(To do):
Return the full listing word for word, but drop every picture from it.

═════ Provided data

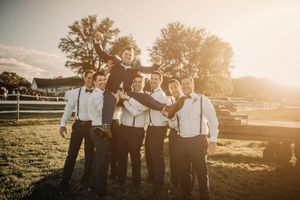 Groomsmen celebrating and lifting someone during sunset at an outdoor wedding venue.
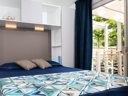 Cliquez pour découvrir toutes les photos de l'HÉBERGEMENT ! bungalow - camping Village Baia Azzurra photo 3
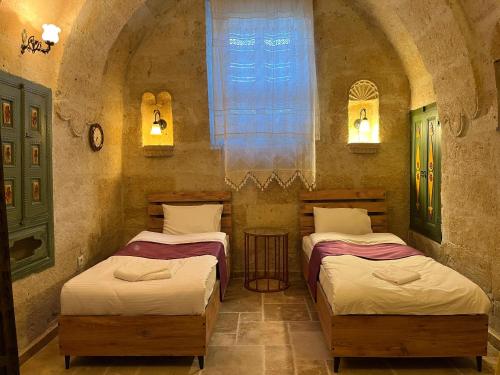 a room with two beds and a window at Cosy cave suit in Urgup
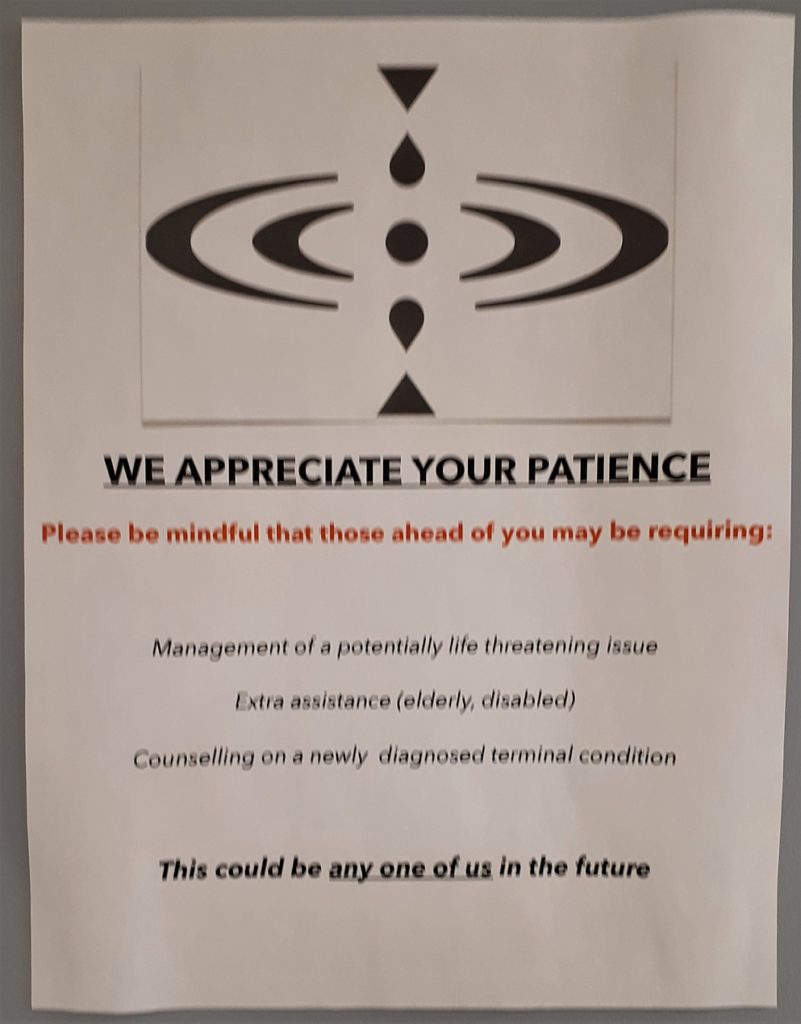 Sign urging patience in doctor's office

══════════

(Answer box):
 Groomsmen celebrating and lifting someone during sunset at an outdoor wedding venue.
 Cliquez pour découvrir toutes les photos de l'HÉBERGEMENT ! bungalow - camping Village Baia Azzurra photo 3
 a room with two beds and a window at Cosy cave suit in Urgup
 Sign urging patience in doctor's office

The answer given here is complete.